Exercise aim: From start to finish, set down the entries below exactly, leaving out the pictures.

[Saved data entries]

★ ★ ★ ★ ★

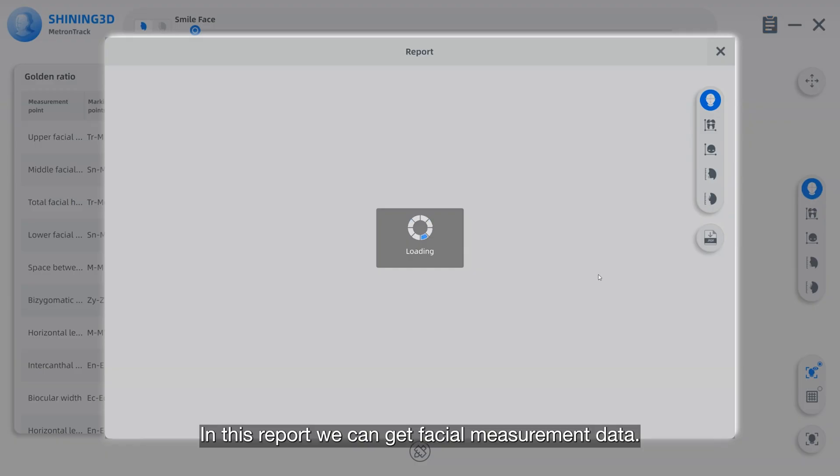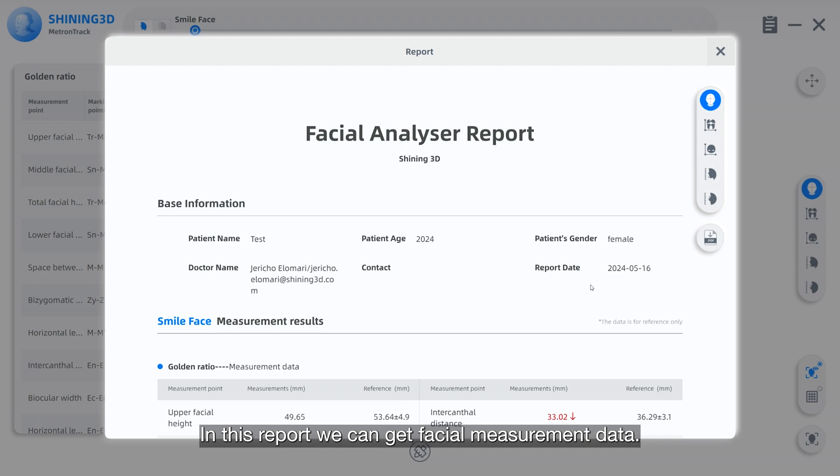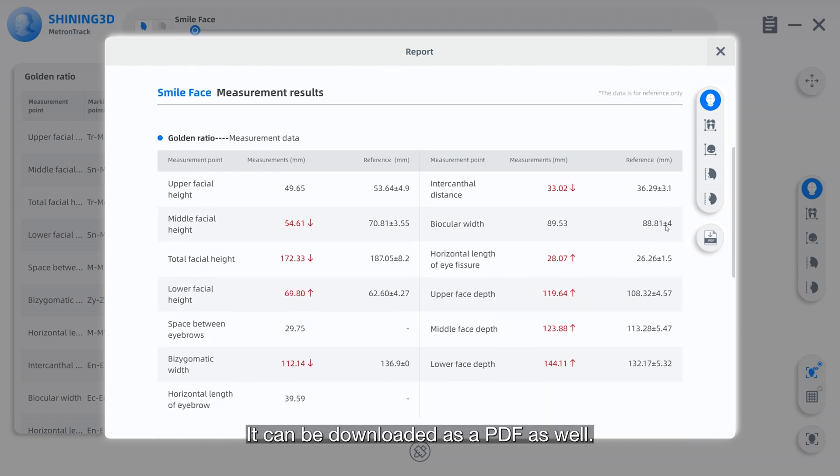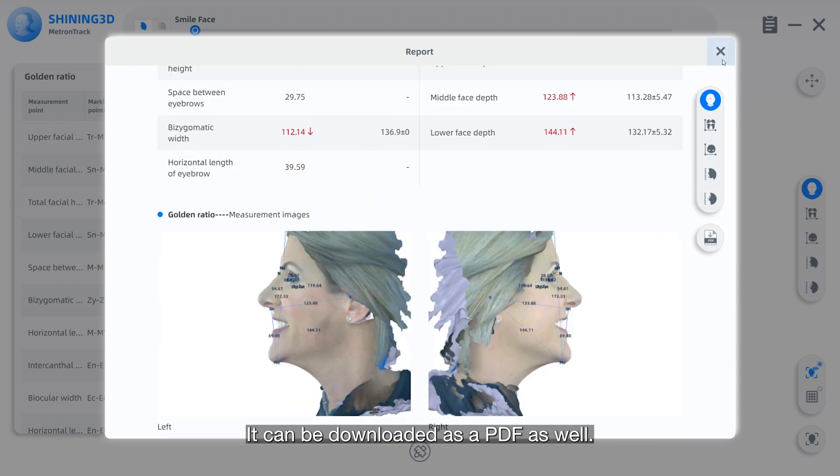In this report, we can get facial measurement data. It can be downloaded as a PDF as well.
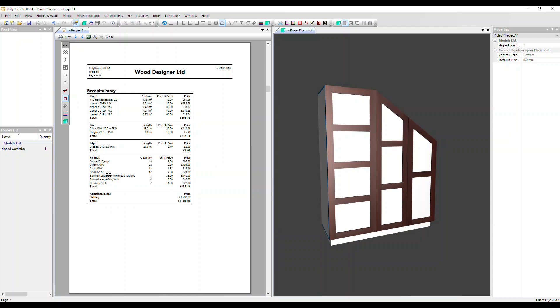Another recommendation we often give is to build the price of the cheap fittings actually into the price of your materials, your panel materials. But to keep something like drawer sliders here, these ones for LegraBox separate because they tend to be quite expensive. So if you are doing a project with lots of drawers, you really want to make sure that that cost is fully appreciated in the quote.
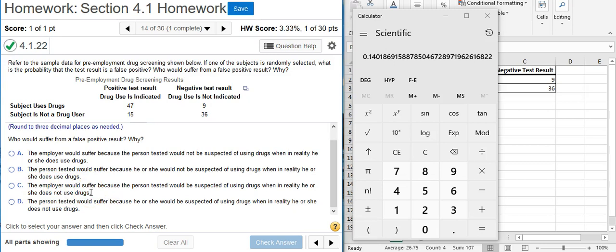The more of the suffering is going to be from the individual because someone who's subjected to a false positive drug test, they're going to be treated like a user even though they aren't. And so, in the very least, their reputation in the workplace is going to suffer.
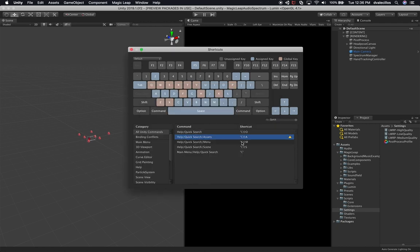In the Shortcuts menu you can see all the different categories and all the Unity commands — even commands that are not mapped to anything won't show a shortcut. For the most part, the ones that are associated are the ones Unity provides by default, and you now have the capability to extend it and add more shortcuts. For example, Quick Search can be opened with Shift+Option, Quick Search Asset with Option+Shift, Quick Search Menu with Option+Shift+M, and Quick Search Scene with Option+Shift+S.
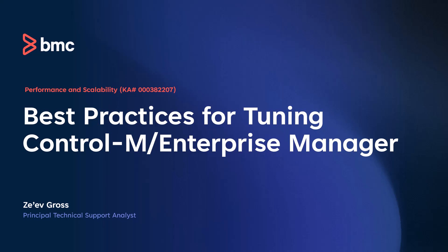Hi, and welcome to Control-M short video for Knowledge Article 382-207, Best Practices for Tuning Control-M Enterprise Manager. My name is Zev Gross, and I'm the Principal Technical Support Analyst at BMC Software.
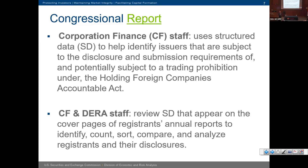For example, the Holding Foreign Companies Accountable Act required filers to provide structured data about their auditors — the auditor's name and where the auditor was located. Since PCAOB could not inspect audit firms in China until recently, there was risk around filers having auditors there. CorpFin used that data to monitor that. Both CorpFin and our division staff use structured data appearing on cover pages of certain periodic filings to count, sort, and analyze which filers are trading on which exchange and which filers are well-seasoned.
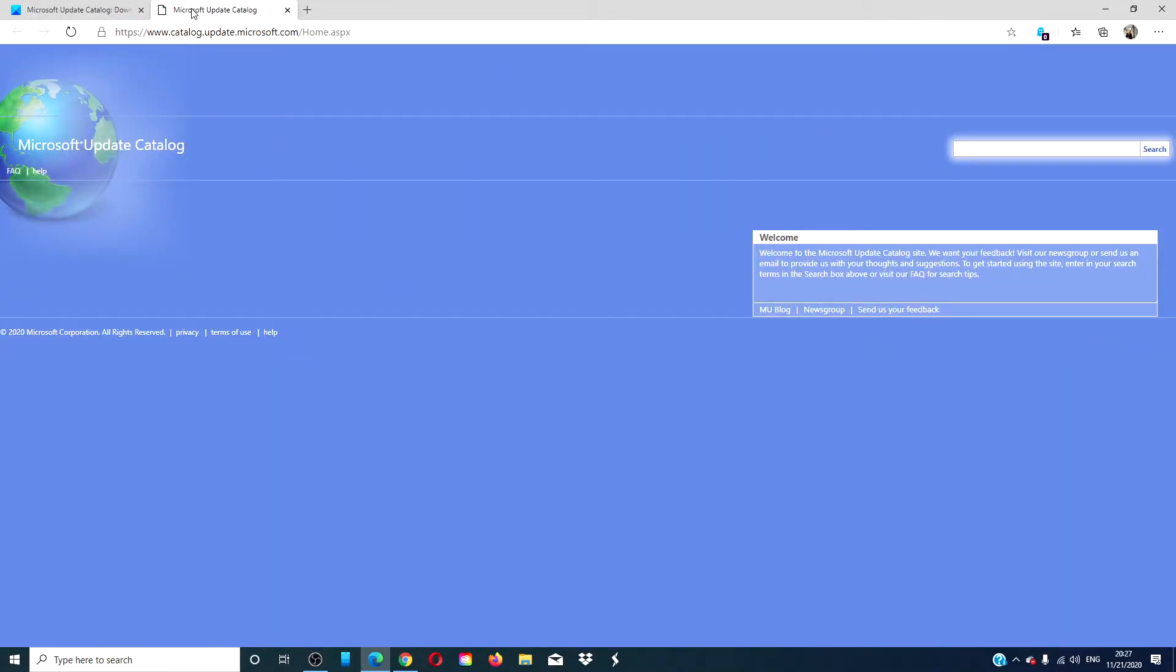Search for updates from the Windows Update Catalog in the search box. Type your search terms.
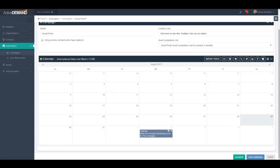What I've shown you so far is that it's very easy to drag and drop individual posts to your calendar, and it's very convenient if you have one or two posts to schedule. But if you're looking to schedule, for example, two months' worth of Twitter posts in one sitting, it becomes very difficult to drag and drop individual posts onto the calendar.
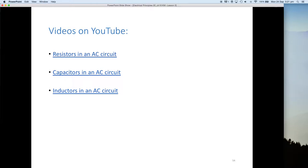I've also found some useful YouTube video clips — each about 10 minutes long — covering resistors, capacitors, and inductors in AC circuits. I'll put the links on the e-learning facility. The videos do get reasonably technical with the mathematics, but don't worry too much about that; they give a good insight into why voltage and current stay in phase in resistive circuits, and why they go out of phase in capacitive and inductive circuits, with nice animations explaining the 90-degree relationships.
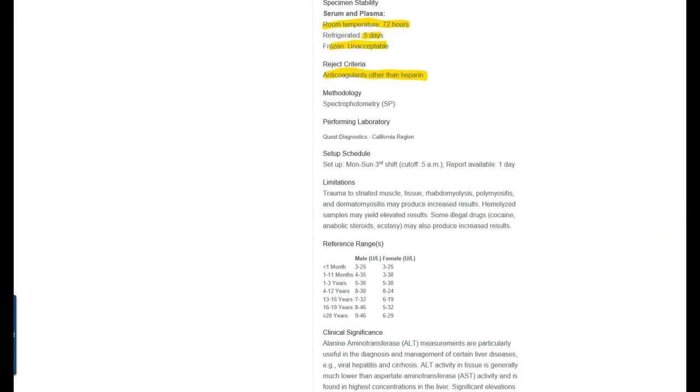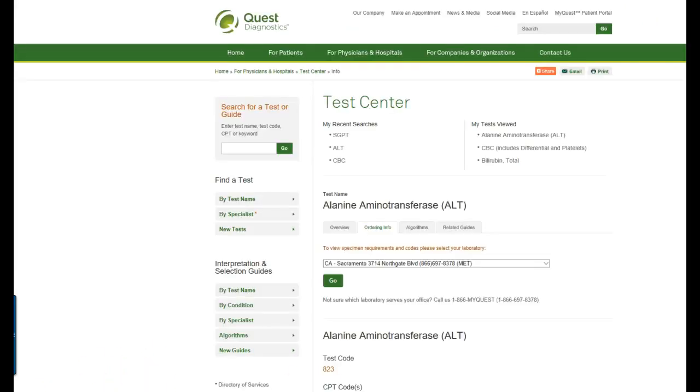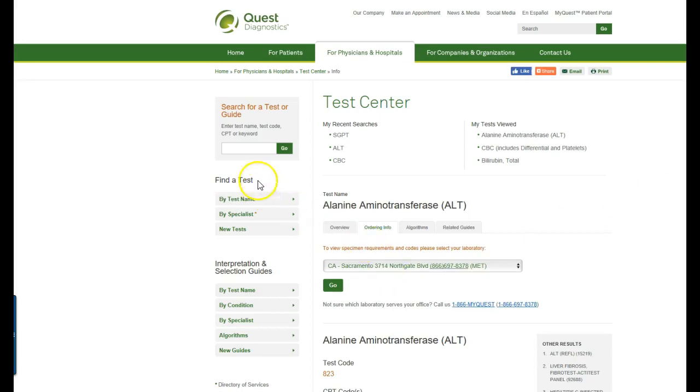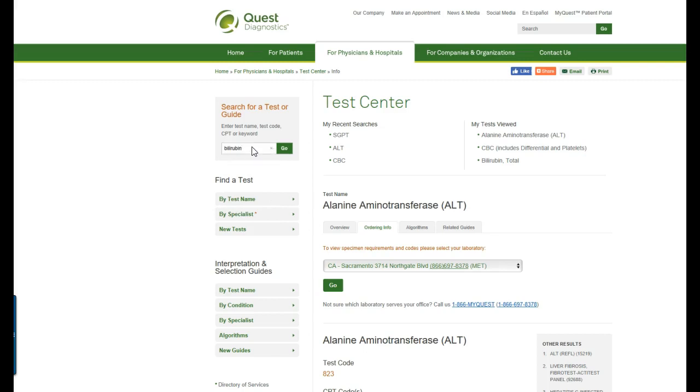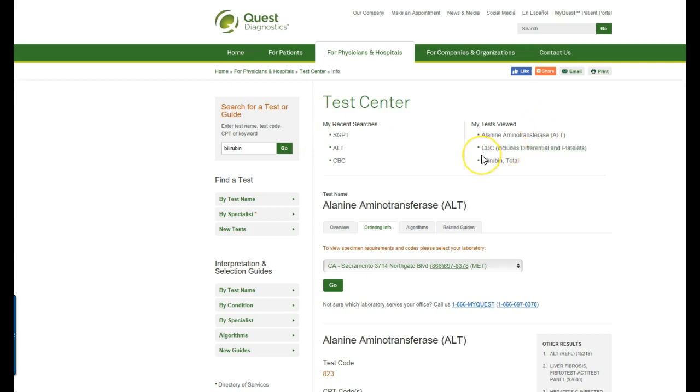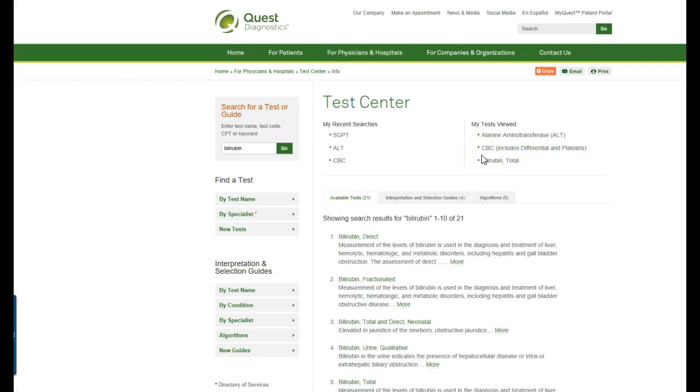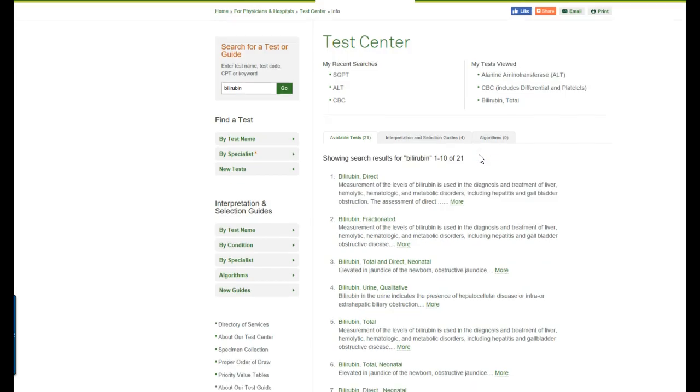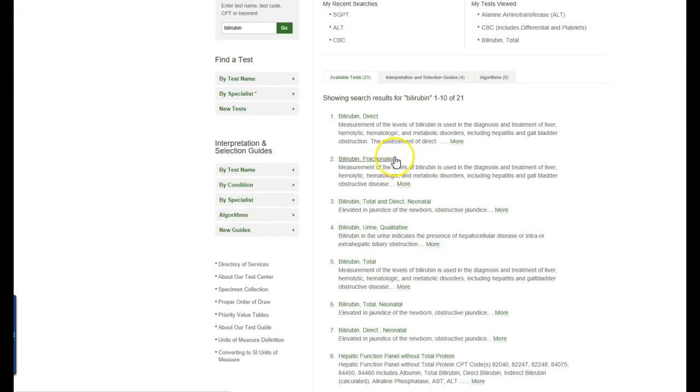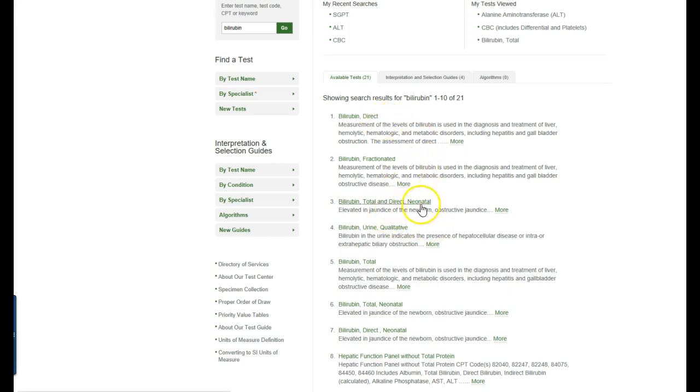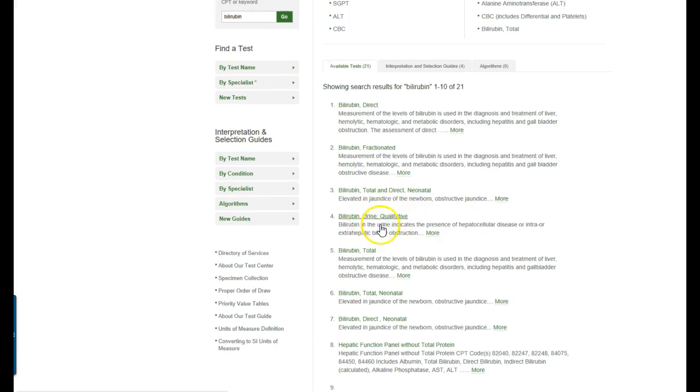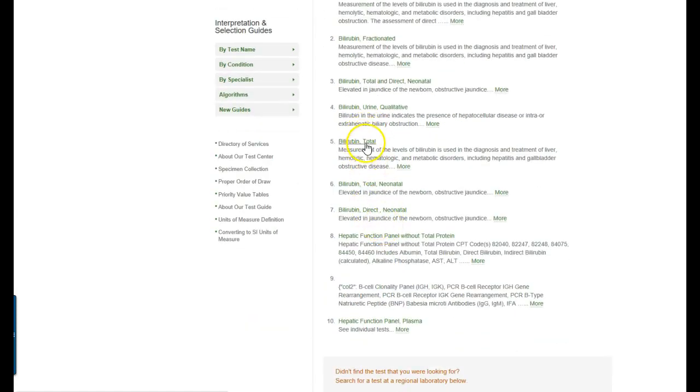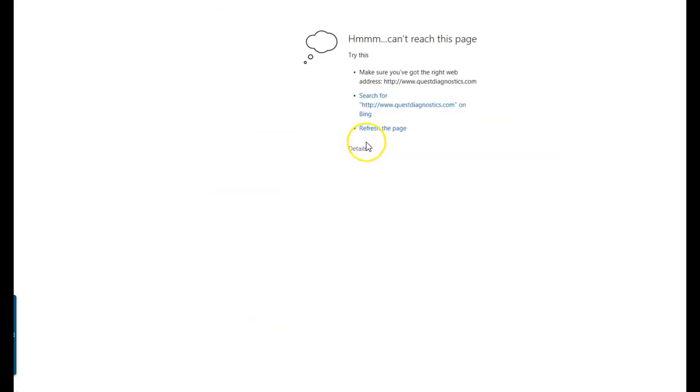So let me get out of this really quickly. And we'll look up one more and I'll show you information. Bilirubin. So I want to look up total bilirubin. So there is a number of bilirubin tests you can order. There's direct bilirubin, a fractionated bilirubin, a total and direct neonatal bilirubin. There's a urine bilirubin. We want to look up total bilirubin.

★ ★ ★ ★ ★

Exercise answer:
In this report, we can get facial measurement data. It can be downloaded as a PDF as well.
Another recommendation we often give is to build the price of the cheap fittings actually into the price of your materials, your panel materials. But to keep something like drawer sliders here, these ones for LegraBox separate because they tend to be quite expensive. So if you are doing a project with lots of drawers, you really want to make sure that that cost is fully appreciated in the quote.
The more of the suffering is going to be from the individual because someone who's subjected to a false positive drug test, they're going to be treated like a user even though they aren't. And so, in the very least, their reputation in the workplace is going to suffer.
In the Shortcuts menu you can see all the different categories and all the Unity commands — even commands that are not mapped to anything won't show a shortcut. For the most part, the ones that are associated are the ones Unity provides by default, and you now have the capability to extend it and add more shortcuts. For example, Quick Search can be opened with Shift+Option, Quick Search Asset with Option+Shift, Quick Search Menu with Option+Shift+M, and Quick Search Scene with Option+Shift+S.
Hi, and welcome to Control-M short video for Knowledge Article 382-207, Best Practices for Tuning Control-M Enterprise Manager. My name is Zev Gross, and I'm the Principal Technical Support Analyst at BMC Software.
For example, the Holding Foreign Companies Accountable Act required filers to provide structured data about their auditors — the auditor's name and where the auditor was located. Since PCAOB could not inspect audit firms in China until recently, there was risk around filers having auditors there. CorpFin used that data to monitor that. Both CorpFin and our division staff use structured data appearing on cover pages of certain periodic filings to count, sort, and analyze which filers are trading on which exchange and which filers are well-seasoned.
Search for updates from the Windows Update Catalog in the search box. Type your search terms.
What I've shown you so far is that it's very easy to drag and drop individual posts to your calendar, and it's very convenient if you have one or two posts to schedule. But if you're looking to schedule, for example, two months' worth of Twitter posts in one sitting, it becomes very difficult to drag and drop individual posts onto the calendar.
I've also found some useful YouTube video clips — each about 10 minutes long — covering resistors, capacitors, and inductors in AC circuits. I'll put the links on the e-learning facility. The videos do get reasonably technical with the mathematics, but don't worry too much about that; they give a good insight into why voltage and current stay in phase in resistive circuits, and why they go out of phase in capacitive and inductive circuits, with nice animations explaining the 90-degree relationships.
So let me get out of this really quickly. And we'll look up one more and I'll show you information. Bilirubin. So I want to look up total bilirubin. So there is a number of bilirubin tests you can order. There's direct bilirubin, a fractionated bilirubin, a total and direct neonatal bilirubin. There's a urine bilirubin. We want to look up total bilirubin.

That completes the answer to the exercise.